– Беременность у женщин легче
всего достигается на четырнадцатый день с начала
регул...
И уронила взгляд под ноги. В
читальне, как назло, были одни парни. Они, конечно, не ржали при
наставнике, но вот он уйдет и вдоволь нагогочутся.
– Какой день у тебя? – спокойно
поинтересовался Клесх.
Лесана вскинула на него
расширившиеся от унижения и гнева глаза, мысленно произвела подсчёт
и прошептала:
– Десятый...
– Нет. Одиннадцатый. Я знаю про
твои краски лучше тебя? Или ты мне врёшь, когда они заканчиваются?
Или по-прежнему туго считаешь?
В глазах девушки дрожали
слёзы.
– Первое. Счётом заниматься
каждый день. Ещё раз ошибешься, будешь наказана. Второе. За
регулами своими следи внимательнее. Третье.
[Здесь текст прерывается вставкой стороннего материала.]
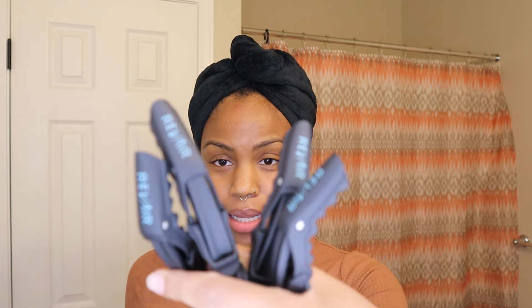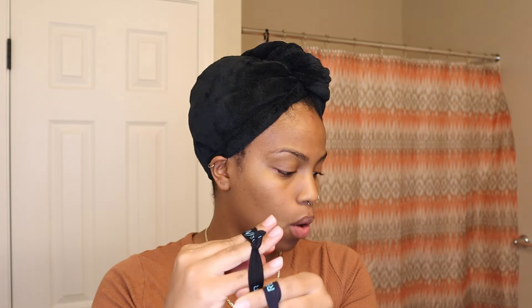I'm going to show you what came with it. What they sent me wasn't just the Revair — it was like the full bundle. It came with these sectioning clips. They're a nice matte black, they don't look like they'll snag your hair, and it's a really nice size. So it comes with four of those, plus two ponytail holders.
Он взял со стола ее доску и
кусочек угля, быстро начертал что-то на гладкой поверхности, а пока
писал, говорил:
– Сегодня сосчитаешь, сколько
дур в Цитадели, если три дуры в ученицах у Майрико, одна у меня,
две у Русты, по одной у Лашты и Озбры. После этого вычтешь дур из
парней и скажешь – насколько их меньше.
Губы несчастной послушницы
дрожали.
– Поняла? Вечером придешь с
ответом. Ошибёшься, будешь седмицу убирать нужник.
Ступай.
Надо ли говорить, что нужник
девушка чистила две седмицы, а парни с тех пор и в глаза, и за
глаза её иначе, как Счетоводом Дур, не называли.
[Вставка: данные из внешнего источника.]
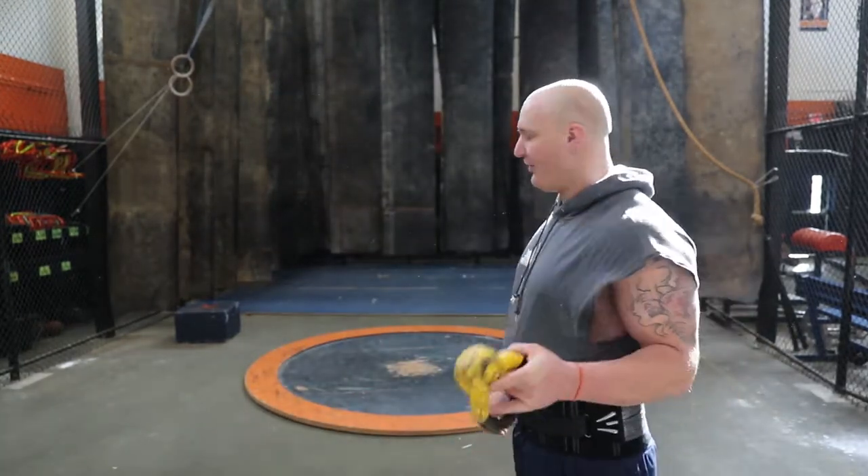Alright, stand throws felt decent. As long as I'm patient and let the implement kind of catch up, otherwise I start to pull and I'm dragging. I'm going to go to full throws with this thing now. I'll work on the same thing — just tall out of the back, long over my right, and when I get to the middle, make sure the disc is with me and not dragging behind, or it's going to pull me all over the place. That's the goal.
Вот только жизнь Лесану ничему
не учила, она то и дело попадала впросак, как сегодня,
например.
– Я – ратоборец? – опять
повторила послушница, глядя на наставника снизу вверх, и в глазах
отражался ужас.
– Да, Лесана. Будь
сообразительнее, давно бы поняла, – ответил он. –
Переодевайся.
Она потянулась к жёсткой еще не
пахнущей её телом одежде.
– Потом пойдёшь в южное крыло,
в покойчики для обозников.
Девушка опять вскинула глаза на
наставника:
– Убирать?
Он направился прочь, но всё же
у двери, не оборачиваясь, ответил:
– К тебе мать
приехала.
И вышел.
Лесана так и осталась сидеть с
лежащей на коленях чёрной рубахой. Мама...
Послушница лихорадочно
сдергивала с себя ученическое платье и облачалась в новую одёжу.
Мама!
Кинулась к сундуку, достала
оттуда гребешок, торопливо причесалась, хотя... чего уж там чесать.
И тут запоздалая мысль прострелила до пяток – как она выйдет к
матери без косы и в мужских портах? А если Мирута тоже
приехал?
Горячий стыд затопил сердце.
Как долго она ждала! В её первое ученическое лето мать не приехала
– стояла самая страда, а потом началась распутица. Зимой же без
острой нужды простой люд не путешествовал – морозы крепкие, да и
Ходящие звереют от голода.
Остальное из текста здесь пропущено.